The attacker used your own tools. No malware required.

The scenario:

The security stack didn’t fire a single alert. No malicious binary. No suspicious download. No known signature. 

The attacker used PowerShell, WMI, and Remote Desktop. Tools your own engineers use every day. The endpoint detection saw legitimate admin tools running legitimate commands. It didn’t flag it because there was nothing to flag. 

The attack:

STAGE 1: INITIAL ACCESS

Attacker compromises a user account via phishing (credential harvest).

Uses the valid credentials to connect via Remote Desktop Gateway.

Lands on a workstation with local admin rights.

-

STAGE 2: DISCOVERY (NO MALWARE)

Runs ‘nltest /dclist:’ to identify domain controllers.

Uses ‘net group "domain admins" /domain’ to enumerate privileged accounts.

Runs PowerShell’s Get-ADComputer to map the entire network.

All commands are built-in Windows tools. No downloads.

-

STAGE 3: LATERAL MOVEMENT

Uses WMI to execute commands on remote machines.

Leverages PsExec (a legitimate SysInternals tool) to move between servers.

Dumps credentials using comsvcs.dll (a built-in Windows DLL).

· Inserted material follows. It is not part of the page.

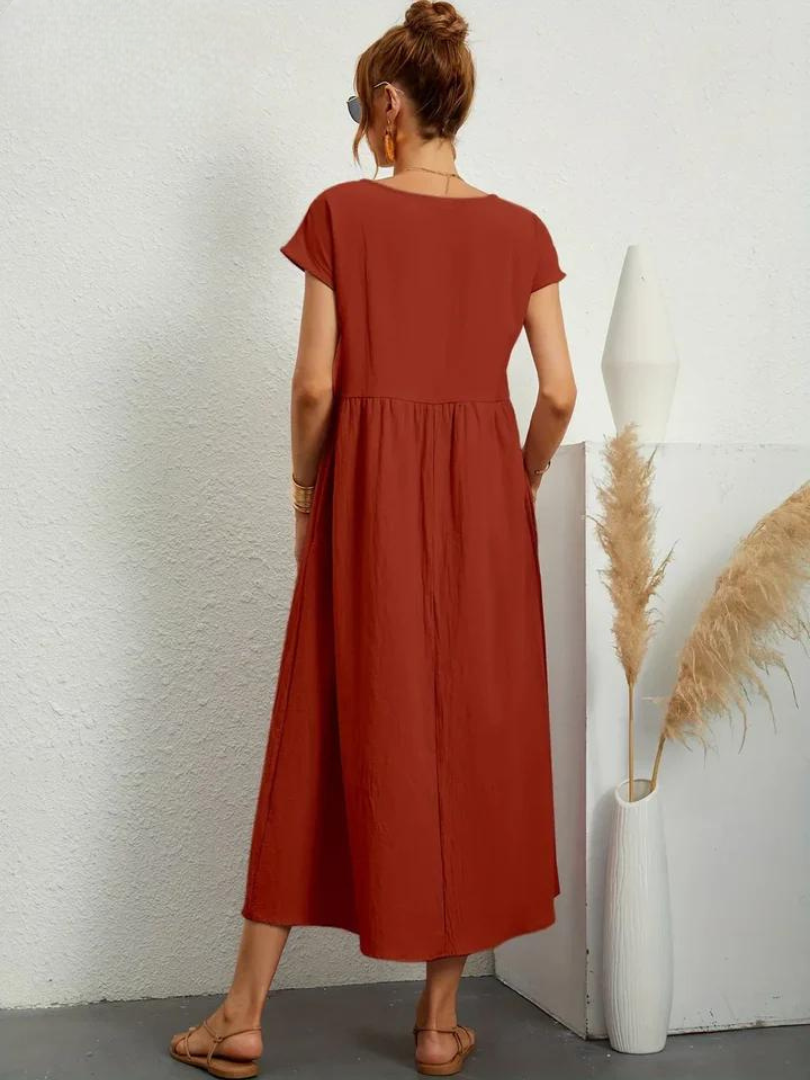 Aileen™ | Light summer dress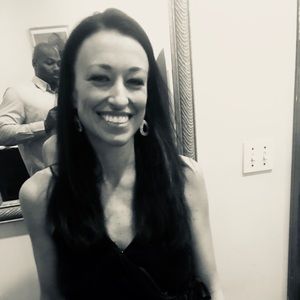 Meet your Posher, Wendy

Accesses the domain controller using harvested domain admin credentials.

-

STAGE 4: OBJECTIVE

Exfiltrates Active Directory database (ntds.dit) using ntdsutil.

Copies backup archives from the file server using robocopy.

Stages data in a compressed archive and exfiltrates via HTTPS (port 443).

Total dwell time: 23 days. Zero malware alerts.

What stopped it:

A threat hunter reviewing authentication logs noticed a single account accessing 47 machines in one week. Normal behaviour for that account was 3 machines. The anomaly triggered the investigation that uncovered the full attack chain.